## Given records:
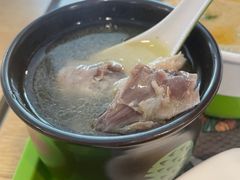 -老乡鸡(舒城路店)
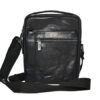 Torba Reporterbag Black BB139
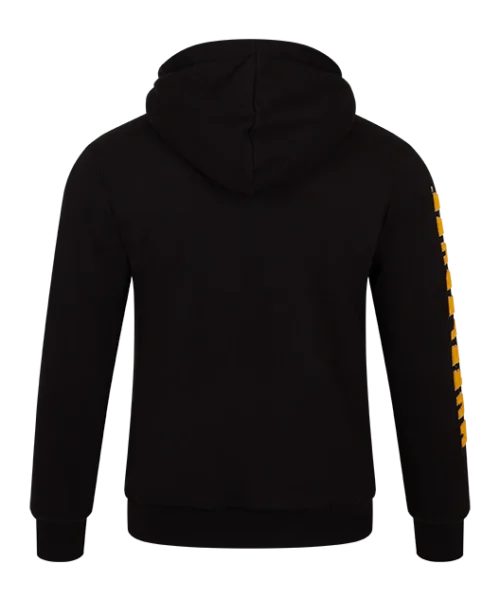 Warner Bros Hufflepuff Fleece Hoodie Best Sellers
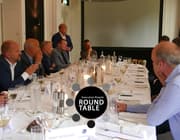 Nog enkele plaatsen beschikbaar Round Table Adaptive Networking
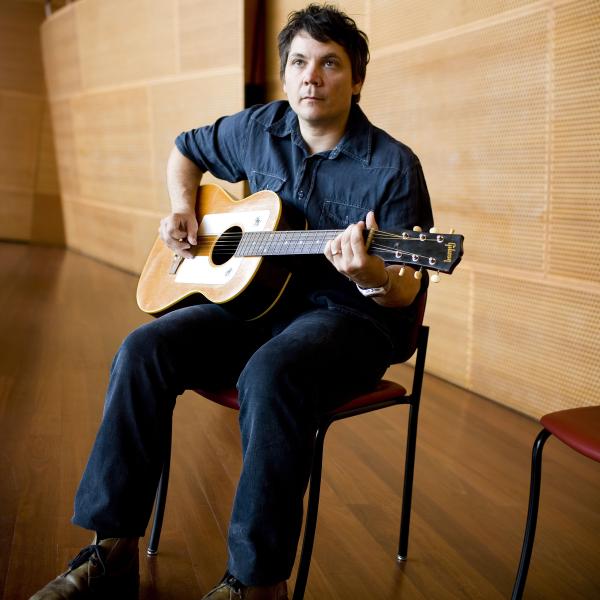 Jeff Tweedy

## Required action:
Output the records exactly as they appear, skipping any pictures.

## Finished task:
 -老乡鸡(舒城路店)
 Torba Reporterbag Black BB139
 Warner Bros Hufflepuff Fleece Hoodie Best Sellers
 Nog enkele plaatsen beschikbaar Round Table Adaptive Networking
 Jeff Tweedy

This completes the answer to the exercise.